Sunday, January 09, 2005

Excavation photos and comments on beginning the construction process
(originally posted to LiveModern 1/9/2005)
I thought I'd start adding some photos and stuff about the actual activities of building now that were in the thick of it. These are pictures I took on the day we broke ground, November 30, 2004. Exciting and unreal at the same time. Up to this point, I was still hearing a little voice in my head on an almost daily basis telling me that it wouldn't happen.

Starting construction November 30th was about six months later than we anticipated, but we feel fortunate to be cruising right along now thanks to the milder than normal winter this year. The biggest downfall to getting started late aside from being at the mercy of the winter weather was that we were required to make interest payments on the land portion of our construction loan beginning 60 days after closing which amounted to several hundred dollars, essentially wasted, every month. Not an ideal way to start out. Because we were expecting it to take a long time to find land yet we found what we wanted in a matter of weeks, we had barely begun researching the details of the various financing options and had to make a quick decision so as not to lose the lot. In hindsight, we would have been much better off getting a land loan but at the time, we (naively) thought we'd have our plan details wrapped up and be ready to start in short order.
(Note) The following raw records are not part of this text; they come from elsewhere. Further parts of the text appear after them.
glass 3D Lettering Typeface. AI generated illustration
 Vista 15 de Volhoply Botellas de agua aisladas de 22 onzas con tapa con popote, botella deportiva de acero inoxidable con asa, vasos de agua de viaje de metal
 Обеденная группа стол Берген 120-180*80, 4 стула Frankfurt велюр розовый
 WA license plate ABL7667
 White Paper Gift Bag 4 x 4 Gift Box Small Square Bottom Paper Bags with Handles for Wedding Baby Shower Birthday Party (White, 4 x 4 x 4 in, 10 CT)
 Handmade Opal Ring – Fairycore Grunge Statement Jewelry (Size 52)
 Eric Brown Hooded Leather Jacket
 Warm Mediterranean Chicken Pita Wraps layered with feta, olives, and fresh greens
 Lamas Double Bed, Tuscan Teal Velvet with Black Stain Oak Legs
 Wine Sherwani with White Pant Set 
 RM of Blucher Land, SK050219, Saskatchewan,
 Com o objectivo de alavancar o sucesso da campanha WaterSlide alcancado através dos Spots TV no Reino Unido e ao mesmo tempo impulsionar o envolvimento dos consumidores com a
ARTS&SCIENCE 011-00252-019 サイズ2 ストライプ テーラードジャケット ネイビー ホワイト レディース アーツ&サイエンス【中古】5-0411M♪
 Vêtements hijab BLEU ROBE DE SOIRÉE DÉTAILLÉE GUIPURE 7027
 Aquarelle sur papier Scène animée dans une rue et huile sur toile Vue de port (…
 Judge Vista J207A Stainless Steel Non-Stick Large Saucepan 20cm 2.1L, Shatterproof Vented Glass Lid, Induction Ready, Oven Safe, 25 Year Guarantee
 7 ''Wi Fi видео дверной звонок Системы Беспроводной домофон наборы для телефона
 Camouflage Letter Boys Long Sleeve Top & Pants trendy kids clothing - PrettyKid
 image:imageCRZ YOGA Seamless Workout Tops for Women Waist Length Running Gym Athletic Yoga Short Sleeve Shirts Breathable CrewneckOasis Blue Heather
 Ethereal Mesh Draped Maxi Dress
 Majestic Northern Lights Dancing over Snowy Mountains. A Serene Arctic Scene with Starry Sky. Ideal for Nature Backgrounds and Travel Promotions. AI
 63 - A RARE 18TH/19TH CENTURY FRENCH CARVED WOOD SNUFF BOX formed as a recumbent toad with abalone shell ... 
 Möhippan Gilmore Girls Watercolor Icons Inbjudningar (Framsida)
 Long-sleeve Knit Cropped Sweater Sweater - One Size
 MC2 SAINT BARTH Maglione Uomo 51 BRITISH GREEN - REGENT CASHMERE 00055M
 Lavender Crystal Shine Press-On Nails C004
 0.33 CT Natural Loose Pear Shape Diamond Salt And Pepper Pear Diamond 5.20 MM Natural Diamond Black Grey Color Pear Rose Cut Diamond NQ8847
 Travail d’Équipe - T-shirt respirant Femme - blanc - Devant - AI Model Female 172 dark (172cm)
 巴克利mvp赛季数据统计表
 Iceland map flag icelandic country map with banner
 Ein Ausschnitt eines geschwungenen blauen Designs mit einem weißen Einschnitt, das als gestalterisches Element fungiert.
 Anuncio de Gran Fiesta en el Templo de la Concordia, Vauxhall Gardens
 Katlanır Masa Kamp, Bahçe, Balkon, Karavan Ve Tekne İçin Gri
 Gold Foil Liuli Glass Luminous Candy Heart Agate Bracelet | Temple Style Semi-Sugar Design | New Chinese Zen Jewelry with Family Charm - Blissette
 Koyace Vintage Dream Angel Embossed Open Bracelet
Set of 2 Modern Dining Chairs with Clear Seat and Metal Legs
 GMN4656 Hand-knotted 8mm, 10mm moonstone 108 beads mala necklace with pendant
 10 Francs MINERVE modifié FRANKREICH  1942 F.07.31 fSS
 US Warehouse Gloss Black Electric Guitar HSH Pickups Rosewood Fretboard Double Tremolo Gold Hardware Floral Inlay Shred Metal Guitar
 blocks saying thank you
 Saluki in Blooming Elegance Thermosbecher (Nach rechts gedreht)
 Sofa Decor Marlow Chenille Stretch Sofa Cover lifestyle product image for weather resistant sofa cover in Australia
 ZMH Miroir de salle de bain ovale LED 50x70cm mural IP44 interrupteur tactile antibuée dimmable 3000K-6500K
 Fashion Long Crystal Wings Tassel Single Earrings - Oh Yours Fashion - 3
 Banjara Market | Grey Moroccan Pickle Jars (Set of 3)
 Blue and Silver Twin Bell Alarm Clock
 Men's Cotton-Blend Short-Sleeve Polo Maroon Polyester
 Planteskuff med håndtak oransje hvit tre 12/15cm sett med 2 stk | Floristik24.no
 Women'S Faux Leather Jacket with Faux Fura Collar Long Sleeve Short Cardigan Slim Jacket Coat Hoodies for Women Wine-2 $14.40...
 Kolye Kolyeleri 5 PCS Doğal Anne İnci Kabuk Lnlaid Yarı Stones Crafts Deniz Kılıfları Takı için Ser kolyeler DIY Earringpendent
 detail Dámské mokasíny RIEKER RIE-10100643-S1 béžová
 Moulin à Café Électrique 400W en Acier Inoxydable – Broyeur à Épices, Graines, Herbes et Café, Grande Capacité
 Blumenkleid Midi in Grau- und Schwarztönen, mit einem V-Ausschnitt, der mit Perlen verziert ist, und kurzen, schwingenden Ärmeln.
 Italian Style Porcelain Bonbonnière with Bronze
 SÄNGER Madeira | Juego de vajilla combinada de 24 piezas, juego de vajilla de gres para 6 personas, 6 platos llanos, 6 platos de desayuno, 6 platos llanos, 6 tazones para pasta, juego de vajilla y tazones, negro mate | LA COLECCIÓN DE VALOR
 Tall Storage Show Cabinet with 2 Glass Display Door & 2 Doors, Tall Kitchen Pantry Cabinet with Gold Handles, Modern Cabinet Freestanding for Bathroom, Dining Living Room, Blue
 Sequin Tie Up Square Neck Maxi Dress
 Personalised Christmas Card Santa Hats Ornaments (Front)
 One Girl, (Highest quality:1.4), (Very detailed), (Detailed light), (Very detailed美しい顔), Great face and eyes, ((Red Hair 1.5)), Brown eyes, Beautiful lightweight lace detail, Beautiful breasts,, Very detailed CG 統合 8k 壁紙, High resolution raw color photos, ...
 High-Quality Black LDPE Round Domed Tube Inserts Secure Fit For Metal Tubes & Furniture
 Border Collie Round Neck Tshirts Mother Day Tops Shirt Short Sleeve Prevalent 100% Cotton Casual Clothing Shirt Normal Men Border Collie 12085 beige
Until the point that the guys show up with the equipment and actually start moving dirt around, it's really hard to visualize what the topography of the lot will be like with the house on it, especially when the lot is sloped and there's a basement involved. As far as the actual excavation goes, the top soil is scraped off first and grade is established a few inches lower than finished slab height using a story pole and survey laser. Next the footing trenches are dug, to within an inch of what is required for bottom of footing...I found the whole process really interesting... In our case, this amounted to about $7K worth of digging, not including what we'll pay for the remainder of the backfilling against the north wall and the finish grading in the spring.